What to expect: This tutorial is structured in three sections. Start where you are, read what's relevant, skip what you already know.


Tutorial Path

Section 1: Beginner (Tips 1-5)

  1. Part 1: Installation (2 min)
  2. Part 2: IDEs and Graphical Interfaces (5 min)
  3. Part 3: Permission Levels (5 min)
  4. Part 4: Plan Mode (10 min)
  5. Part 5: Essential Slash Commands (5 min)

Section 2: Intermediate (Tips 6-10)

  1. Part 6: Context Window Management (10 min)
  2. Part 7: Git and GitHub (10 min)
  3. Part 8: Debugging (5 min)
  4. Part 9: Claude Code as a Research Agent (5 min)
  5. Part 10: The Mindset Shift (10 min)

Section 3: Pro (Tips 11-15)

  1. Part 11: Skills (10 min)
  2. Part 12: Agent Teams (10 min)
  3. Part 13: MCP Servers (10 min)
  4. Part 14: Frameworks (5 min)
  5. Part 15: Work Trees (10 min)

Requirements

  • A computer (Mac, Windows, or Linux)
  • A terminal application
  • Claude Code installed (we cover this in Part 1)
  • Anthropic API key or Claude Max subscription

Section 1: Beginner


Part 1: Installation (2 min)

One Command

Anthropic has simplified installation down to a single line. Open your terminal and run the command for your operating system. It walks you through the setup process interactively.

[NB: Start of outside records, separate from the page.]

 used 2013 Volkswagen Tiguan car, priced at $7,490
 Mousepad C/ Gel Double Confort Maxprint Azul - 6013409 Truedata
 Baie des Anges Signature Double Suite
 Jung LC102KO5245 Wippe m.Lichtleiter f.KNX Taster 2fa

The full install takes less than a minute. Claude Code will prompt you to authenticate with your Anthropic account or API key.

For the latest install instructions, check the official docs: https://docs.anthropic.com/en/docs/claude-code

Verify It Works

After installation, type:

claude --version
Click to copy

If you see a version number, you're good to go. Type claude to start a session.


Part 2: IDEs and Graphical Interfaces (5 min)

You Don't Have to Live in the Terminal

The terminal can be intimidating if you've never used one. The good news: you don't have to stay there. Claude Code works inside IDEs (Integrated Development Environments), which give you a graphical interface alongside the Claude Code terminal.

Options

Visual Studio Code (VS Code) - Free. The most popular option. You get:

  • Claude Code running in the integrated terminal
  • A file explorer on the left showing all your project folders and files
  • Click any file to see and edit its contents
  • Full syntax highlighting and code navigation

Cursor - A VS Code fork with additional AI features built in. Claude Code runs in its terminal just the same.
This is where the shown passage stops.